── The data
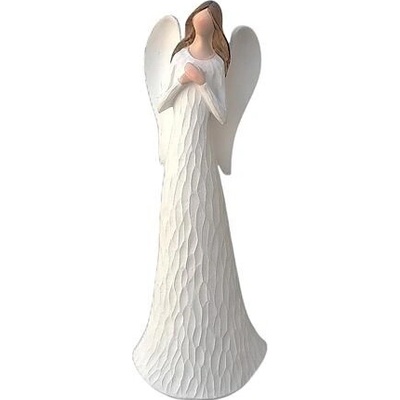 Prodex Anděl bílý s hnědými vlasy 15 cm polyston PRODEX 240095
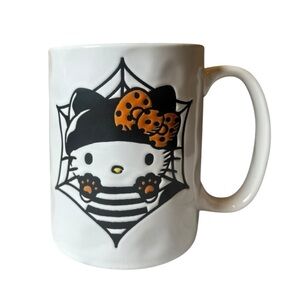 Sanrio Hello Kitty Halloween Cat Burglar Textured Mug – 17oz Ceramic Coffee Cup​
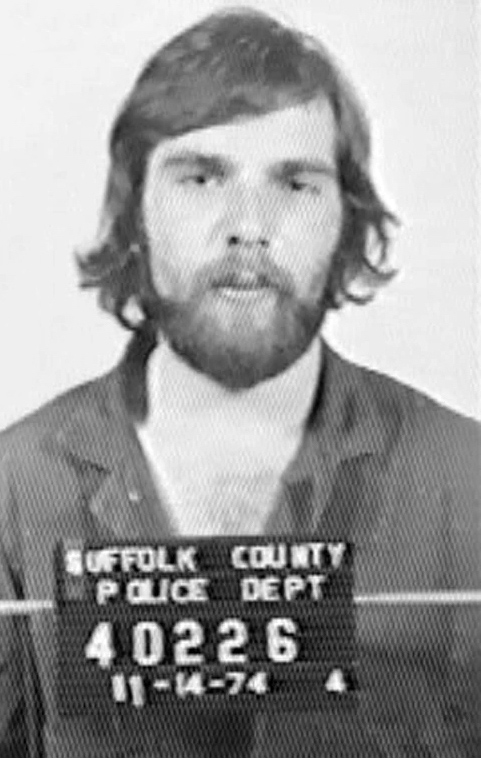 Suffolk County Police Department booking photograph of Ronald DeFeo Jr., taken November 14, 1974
────
Task goal:
Would you restate word for word each line from the one that holds "Sanrio Hello Kitty" to the end of the material, both ends included, without the pictures?

Solved exercise:
 Sanrio Hello Kitty Halloween Cat Burglar Textured Mug – 17oz Ceramic Coffee Cup​
 Suffolk County Police Department booking photograph of Ronald DeFeo Jr., taken November 14, 1974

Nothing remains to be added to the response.